→ **Requirement**
In the listing below, the lines starting at the line with "The Mark button" and ending at the line with "Tired of paying" are to be output verbatim. Images stay out of the copy.

→ **Given data**

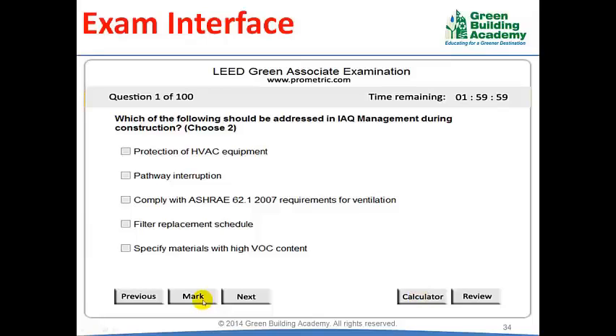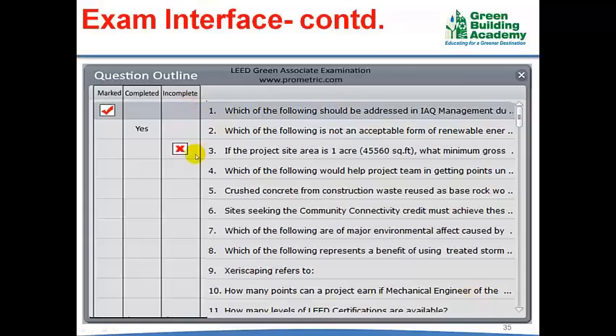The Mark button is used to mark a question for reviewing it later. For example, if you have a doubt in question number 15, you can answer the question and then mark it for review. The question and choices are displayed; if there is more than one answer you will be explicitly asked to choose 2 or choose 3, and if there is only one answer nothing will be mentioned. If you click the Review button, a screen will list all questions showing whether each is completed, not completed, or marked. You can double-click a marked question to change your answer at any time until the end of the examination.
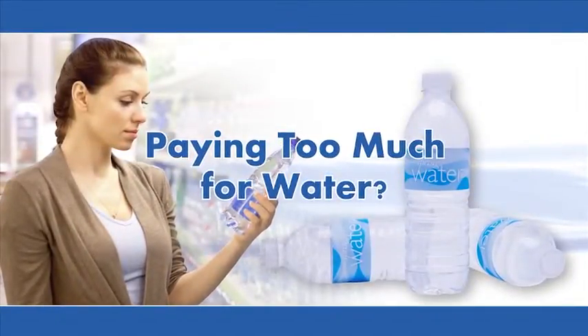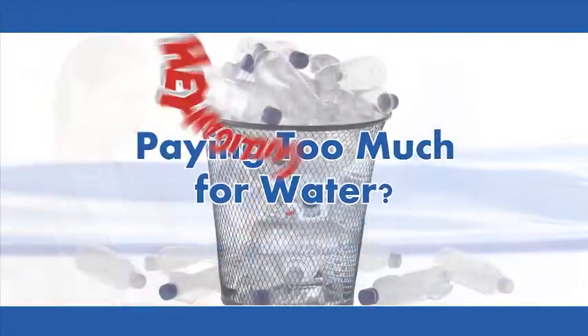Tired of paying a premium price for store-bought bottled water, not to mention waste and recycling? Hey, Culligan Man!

* * *

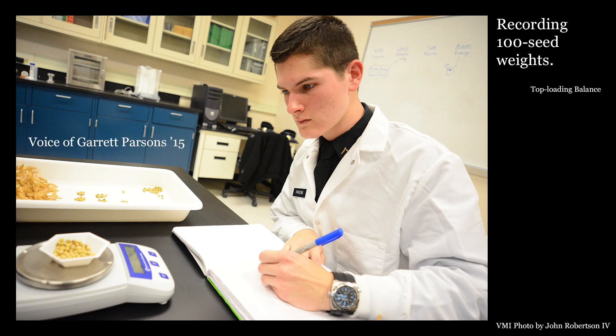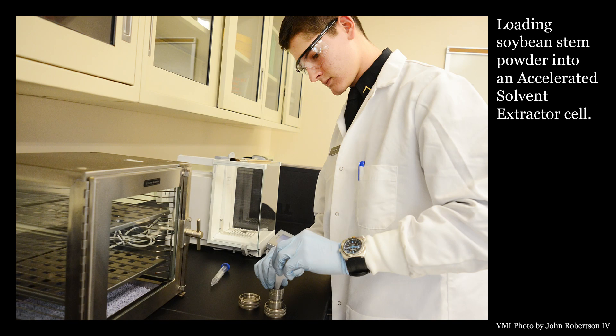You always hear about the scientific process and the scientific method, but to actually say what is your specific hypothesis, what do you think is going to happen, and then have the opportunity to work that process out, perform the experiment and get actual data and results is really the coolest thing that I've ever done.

==

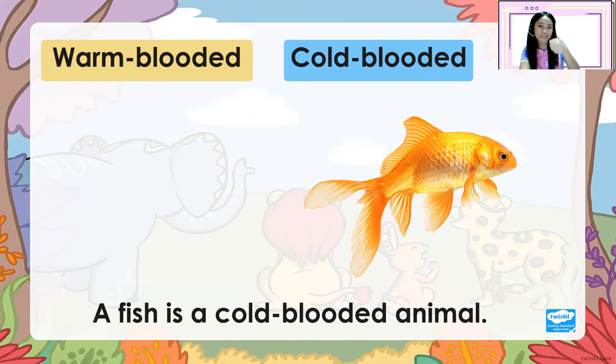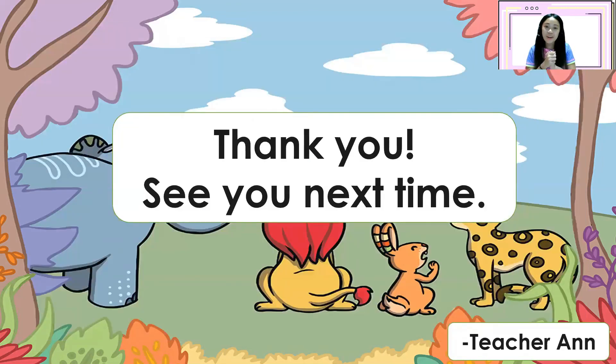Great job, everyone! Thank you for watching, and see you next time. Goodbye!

→ **Solved exercise**
The Mark button is used to mark a question for reviewing it later. For example, if you have a doubt in question number 15, you can answer the question and then mark it for review. The question and choices are displayed; if there is more than one answer you will be explicitly asked to choose 2 or choose 3, and if there is only one answer nothing will be mentioned. If you click the Review button, a screen will list all questions showing whether each is completed, not completed, or marked. You can double-click a marked question to change your answer at any time until the end of the examination.
Tired of paying a premium price for store-bought bottled water, not to mention waste and recycling? Hey, Culligan Man!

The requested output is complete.